Data records
==================================================
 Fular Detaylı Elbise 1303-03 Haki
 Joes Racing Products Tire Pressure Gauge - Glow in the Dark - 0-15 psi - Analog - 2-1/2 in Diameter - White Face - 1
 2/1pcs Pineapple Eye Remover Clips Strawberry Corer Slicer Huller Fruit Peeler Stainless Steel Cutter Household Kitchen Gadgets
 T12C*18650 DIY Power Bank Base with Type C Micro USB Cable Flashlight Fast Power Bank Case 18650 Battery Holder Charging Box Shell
==================================================
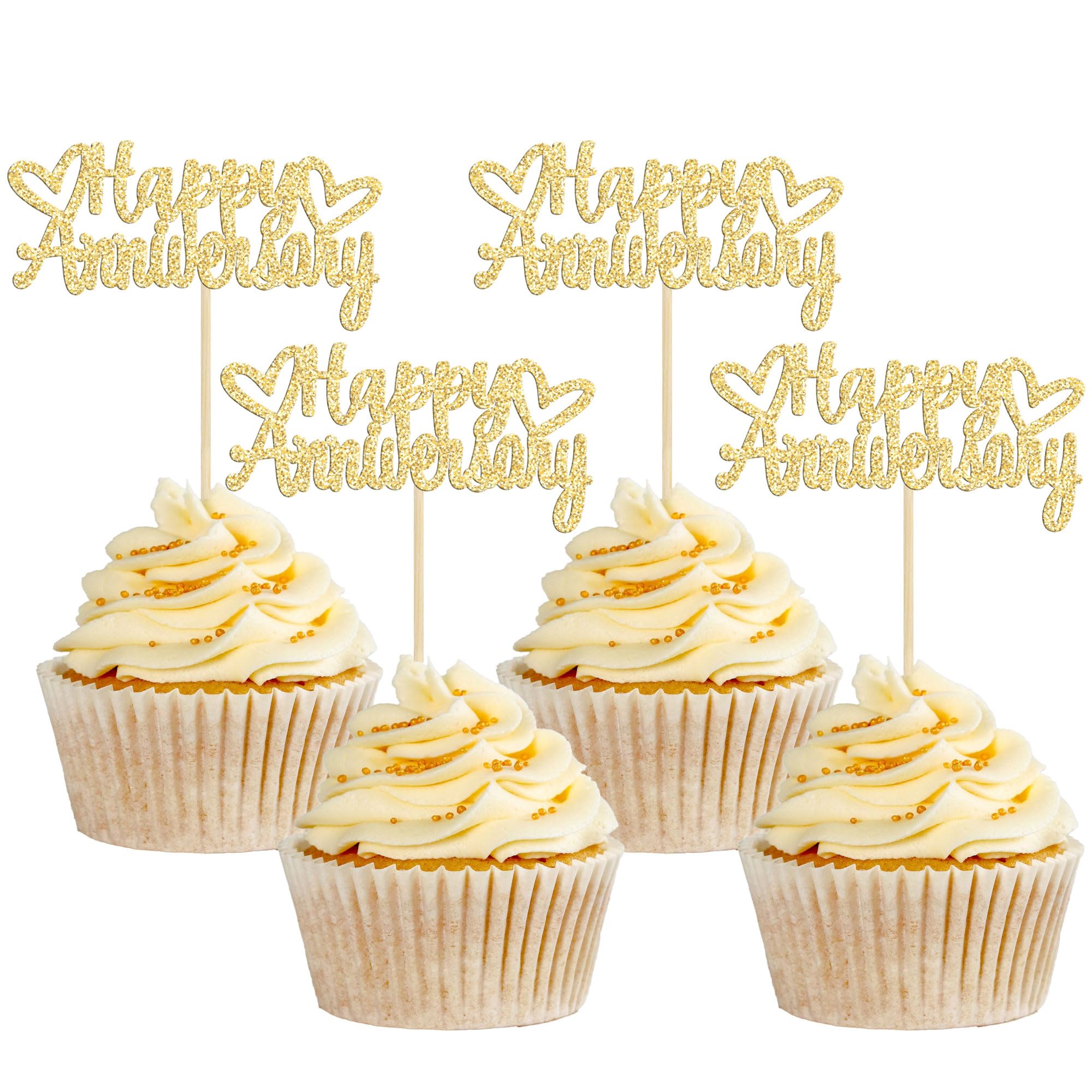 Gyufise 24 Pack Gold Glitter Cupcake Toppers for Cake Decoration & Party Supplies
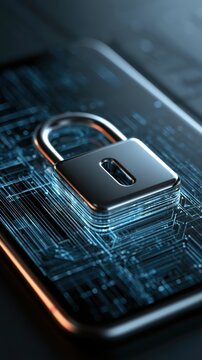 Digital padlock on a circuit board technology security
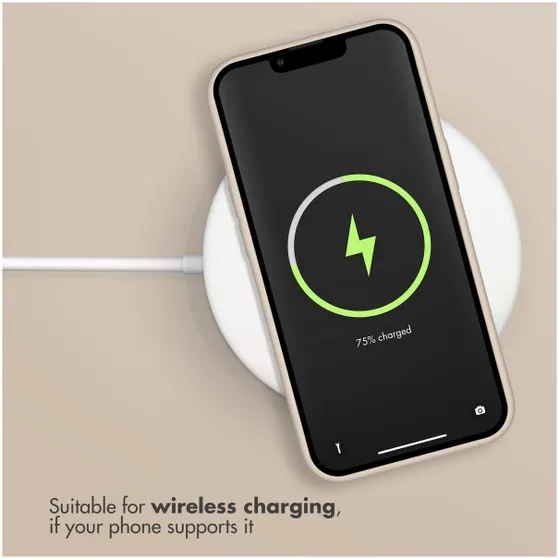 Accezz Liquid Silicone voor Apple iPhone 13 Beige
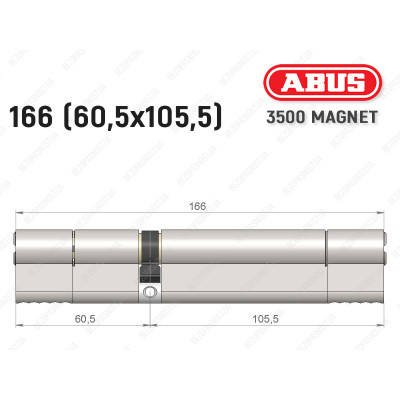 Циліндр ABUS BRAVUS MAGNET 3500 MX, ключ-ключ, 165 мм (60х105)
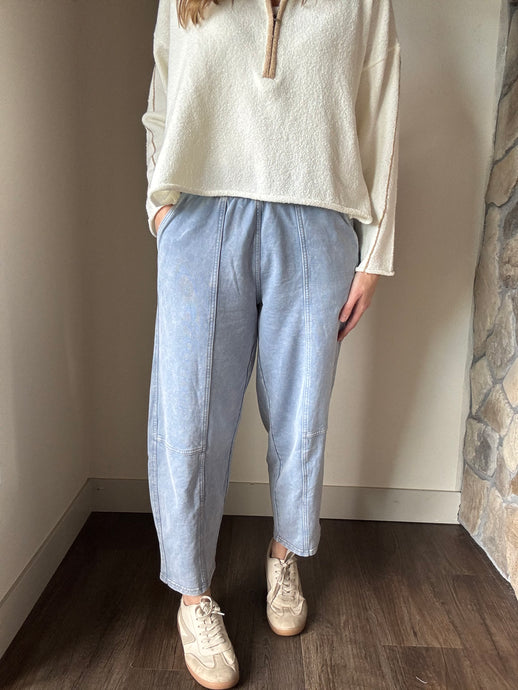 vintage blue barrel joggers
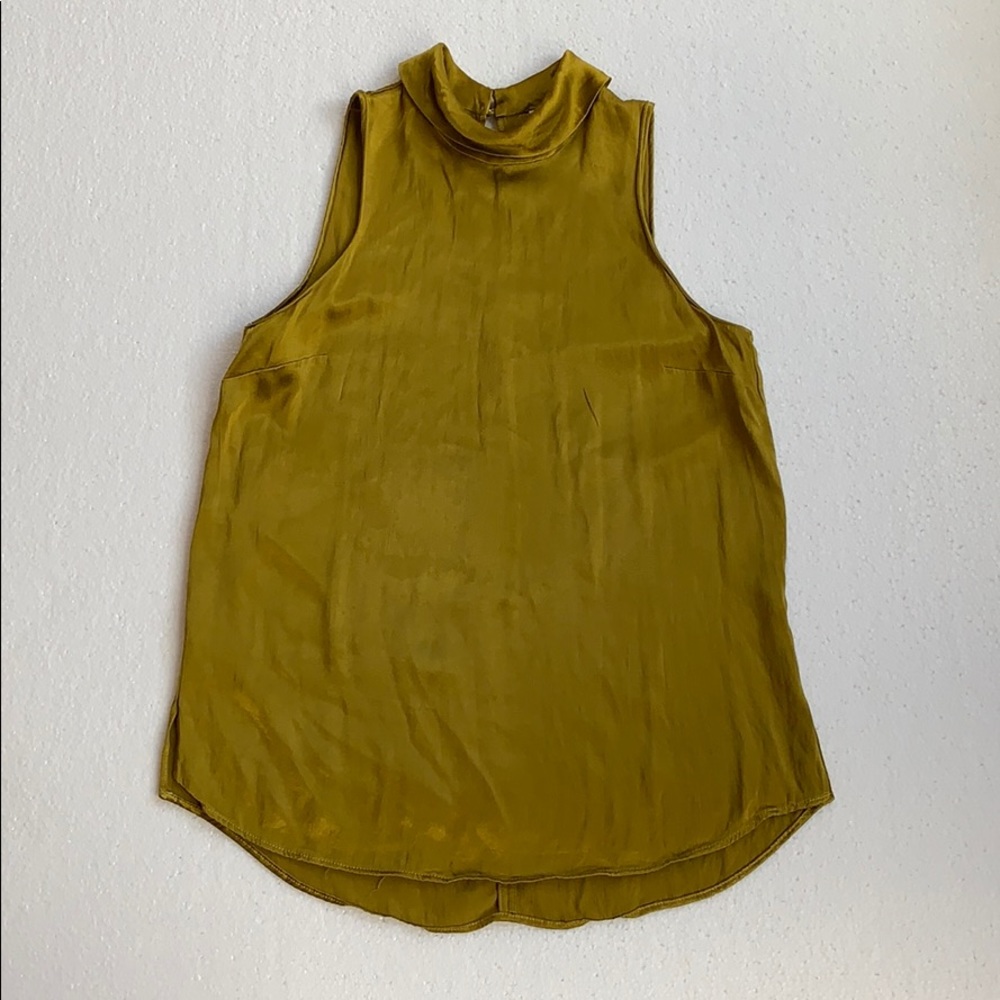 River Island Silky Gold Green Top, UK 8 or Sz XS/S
==================================================
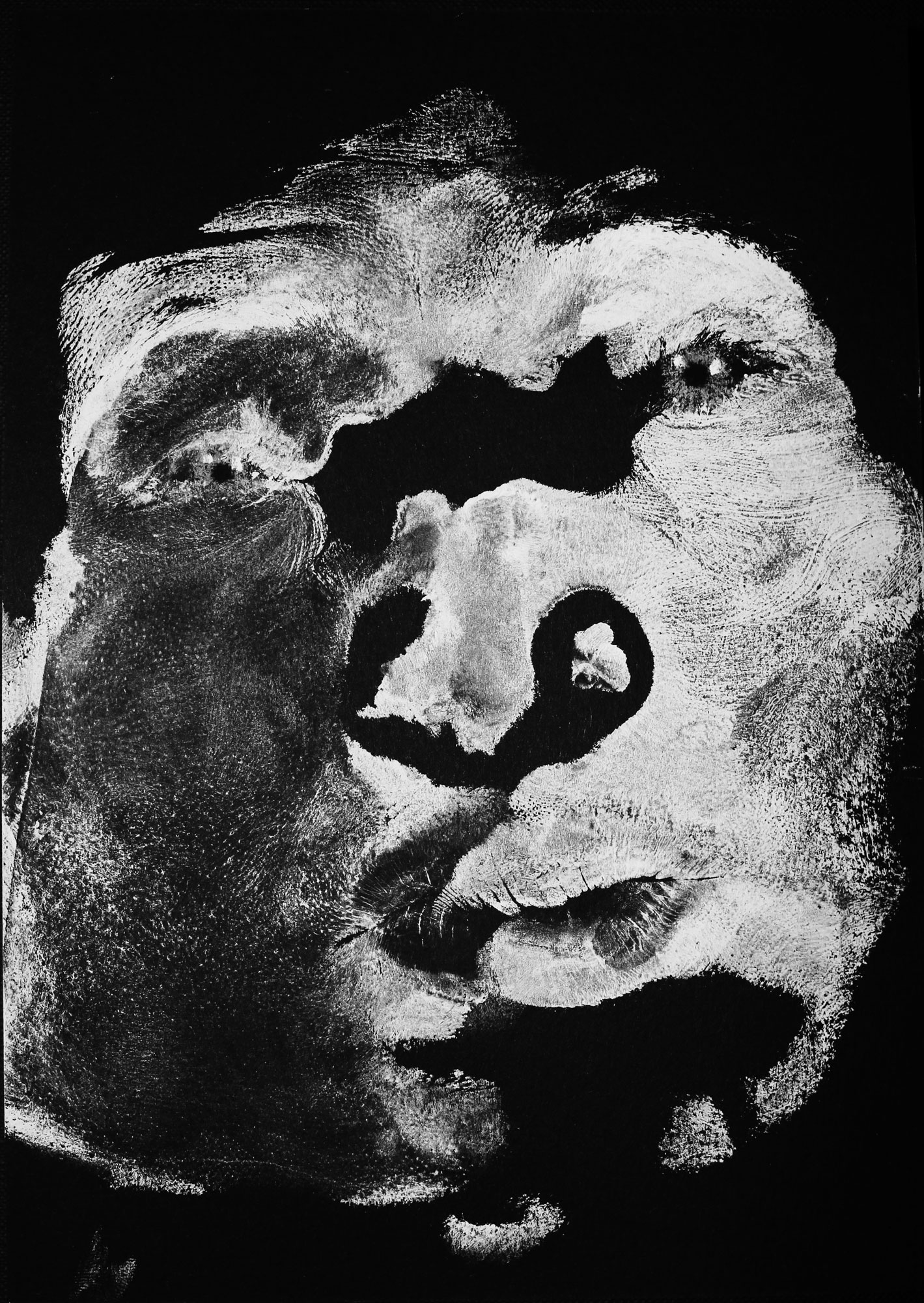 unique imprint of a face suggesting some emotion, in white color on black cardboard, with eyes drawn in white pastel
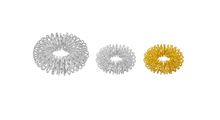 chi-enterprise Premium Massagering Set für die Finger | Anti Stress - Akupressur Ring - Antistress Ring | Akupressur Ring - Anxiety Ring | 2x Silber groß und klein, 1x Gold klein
==================================================
What needs to be done
Using only the listing above, restate exactly the lines from the line containing "Fular Detaylı Elbise 1303-03 Haki" through the line containing "T12C*18650 DIY Power", both included.

Final answer
 Fular Detaylı Elbise 1303-03 Haki
 Joes Racing Products Tire Pressure Gauge - Glow in the Dark - 0-15 psi - Analog - 2-1/2 in Diameter - White Face - 1
 2/1pcs Pineapple Eye Remover Clips Strawberry Corer Slicer Huller Fruit Peeler Stainless Steel Cutter Household Kitchen Gadgets
 T12C*18650 DIY Power Bank Base with Type C Micro USB Cable Flashlight Fast Power Bank Case 18650 Battery Holder Charging Box Shell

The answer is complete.